Friday, November 28, 2014

Big Data and Operational Rules

As usual, a story to start things off. Years ago I used to commute a couple of times/week between Dallas and Houston. SOP was to book home to Dallas on the last flight of the evening. That way I would be sure to make it home. However, on several occasions I would be done early and want to get home early. The less-experienced traveler would look to stand by on an earlier flight. Join the throng of people looking to move about on a crowded route.

The more experienced traveler would examine the refund policy. Realizing that the late ticket was refundable, the traveler would purchase a ticket for an earlier flight and do the refund later. Yes the purchased ticket might be a bit more expensive, but why not? That's what expense policy is for.

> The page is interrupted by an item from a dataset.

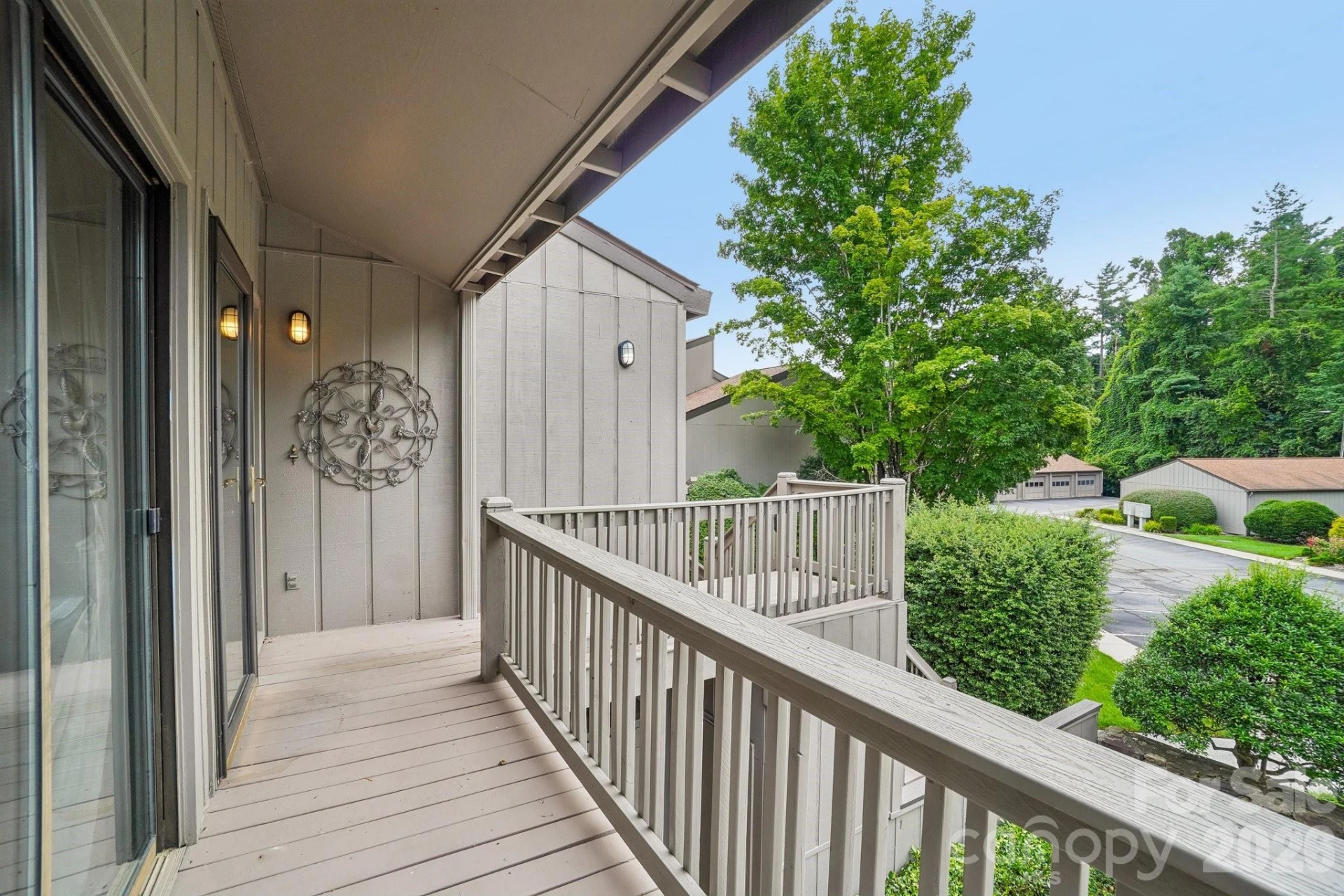 210 Juniper Lane - Photo 5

The very experienced traveler would look for the most overbooked flight earlier than the originally booked flight. Assuming overbooking, the traveler has the chance of offering to be "bought out" and get some form of compensation for being inconvenienced. It had the added bonus that one would be moved ahead of the stand by passengers for the next flight as well. So, the simple act of making tickets fully refundable can enable some quite naughty behaviors.

Now to the point:
Should the airline recognize this kind of behavior and do something to stop it? Sadly the answer is, as usual, it depends. What does it depend on? The balance between good will (especially in this time of over-sharing via social media) and revenue loss.

It's easy to envisage the good will part - handy too because nothing has to change, so no thinking required. However, if there is a real problem, then something more must be done. The environment must properly enable the activities to be performed.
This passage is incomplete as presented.